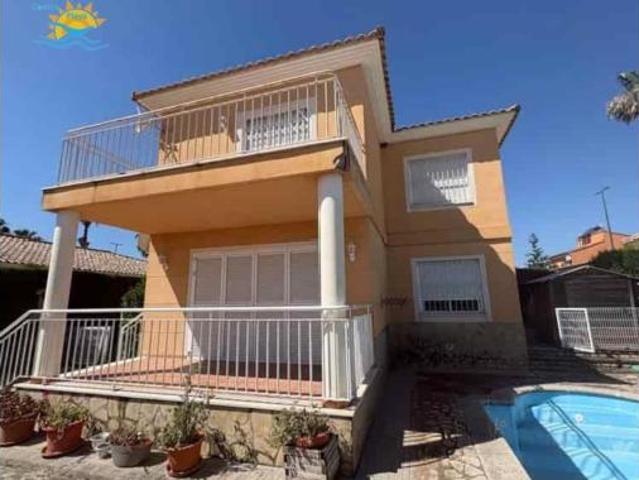 Chalet Venta Llíria, Vila Vella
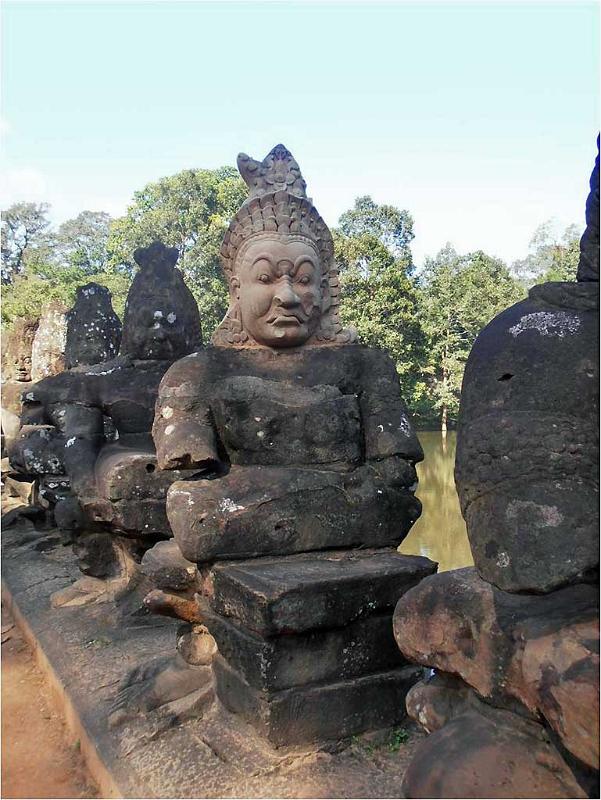 angkor-wat-sculpture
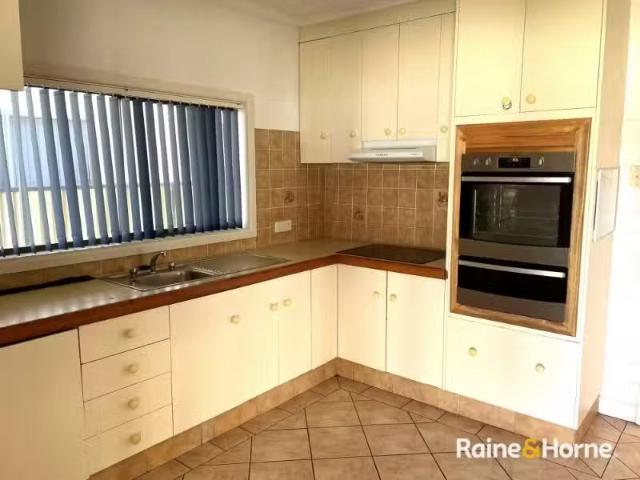 Charming 118 Bourke Rd, UMINA BEACH House for rent Listed by.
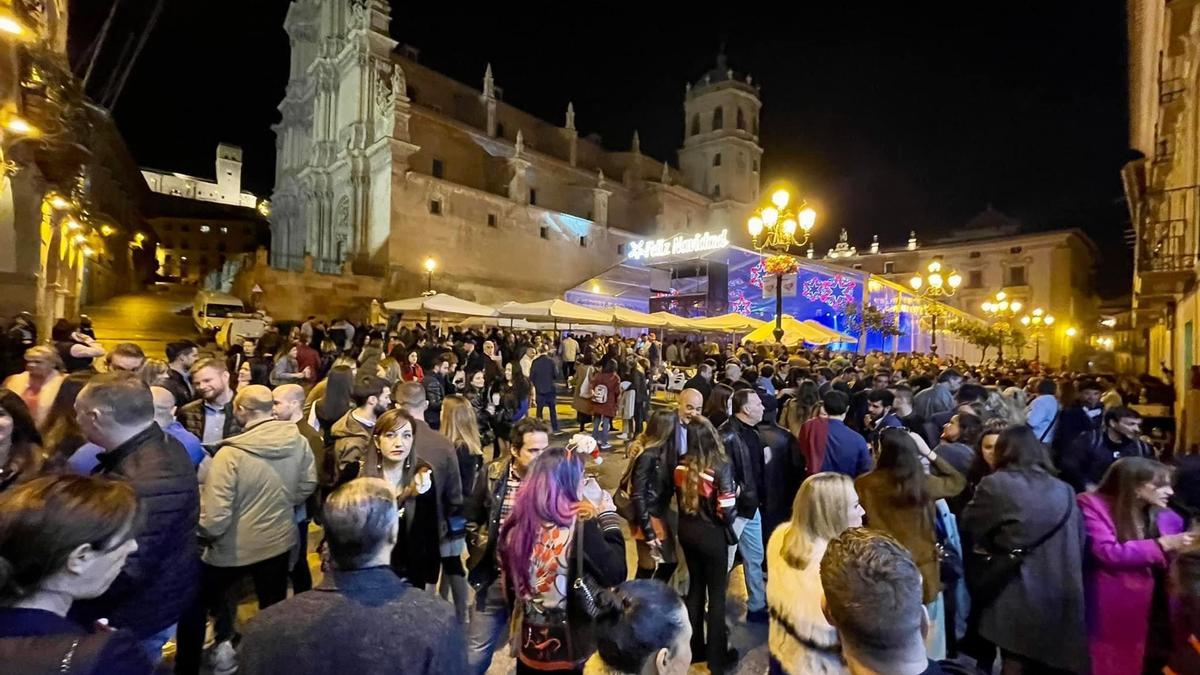 Las más de dos mil personas que se daban cita en la carpa de la Navidad de Plaza de España posaban para la foto.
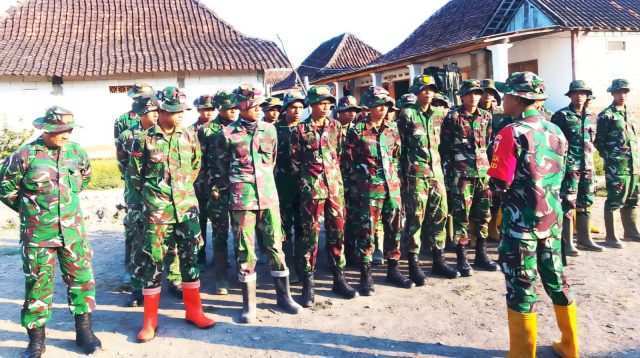Awali Pekan Kedua, SST-1 SSK Satgas TMMD 129 Bojonegoro Gelar Apel Pagi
--------
YOUR INSTRUCTIONS
In the records above, find the line containing "Charming 118 Bourke" and restate it and every line after it word for word, all pictures excluded.

EXPECTED OUTPUT
 Charming 118 Bourke Rd, UMINA BEACH House for rent Listed by.
 Las más de dos mil personas que se daban cita en la carpa de la Navidad de Plaza de España posaban para la foto.
Awali Pekan Kedua, SST-1 SSK Satgas TMMD 129 Bojonegoro Gelar Apel Pagi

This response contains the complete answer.